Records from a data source
• • • • • • •
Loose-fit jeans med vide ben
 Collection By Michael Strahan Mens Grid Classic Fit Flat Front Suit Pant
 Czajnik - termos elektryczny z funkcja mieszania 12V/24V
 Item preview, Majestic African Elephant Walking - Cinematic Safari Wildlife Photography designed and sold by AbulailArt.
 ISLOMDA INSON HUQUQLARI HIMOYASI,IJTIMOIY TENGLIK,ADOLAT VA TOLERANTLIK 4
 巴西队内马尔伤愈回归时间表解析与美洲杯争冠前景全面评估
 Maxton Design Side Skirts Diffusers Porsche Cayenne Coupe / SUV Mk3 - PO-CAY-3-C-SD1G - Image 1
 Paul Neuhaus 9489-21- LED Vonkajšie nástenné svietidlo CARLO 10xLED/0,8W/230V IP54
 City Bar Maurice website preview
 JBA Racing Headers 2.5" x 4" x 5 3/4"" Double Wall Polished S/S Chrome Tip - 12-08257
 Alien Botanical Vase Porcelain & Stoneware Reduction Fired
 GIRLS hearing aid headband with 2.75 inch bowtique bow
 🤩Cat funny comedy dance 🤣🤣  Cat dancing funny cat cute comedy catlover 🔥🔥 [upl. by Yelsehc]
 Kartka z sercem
• • • • • • •
- **WHAT YOU SHOULD DO**: Each line from the one containing "[upl. by Yelsehc]" to the end of the records should be echoed exactly, and no other line.

- **WRITTEN ANSWER**:
 🤩Cat funny comedy dance 🤣🤣  Cat dancing funny cat cute comedy catlover 🔥🔥 [upl. by Yelsehc]
 Kartka z sercem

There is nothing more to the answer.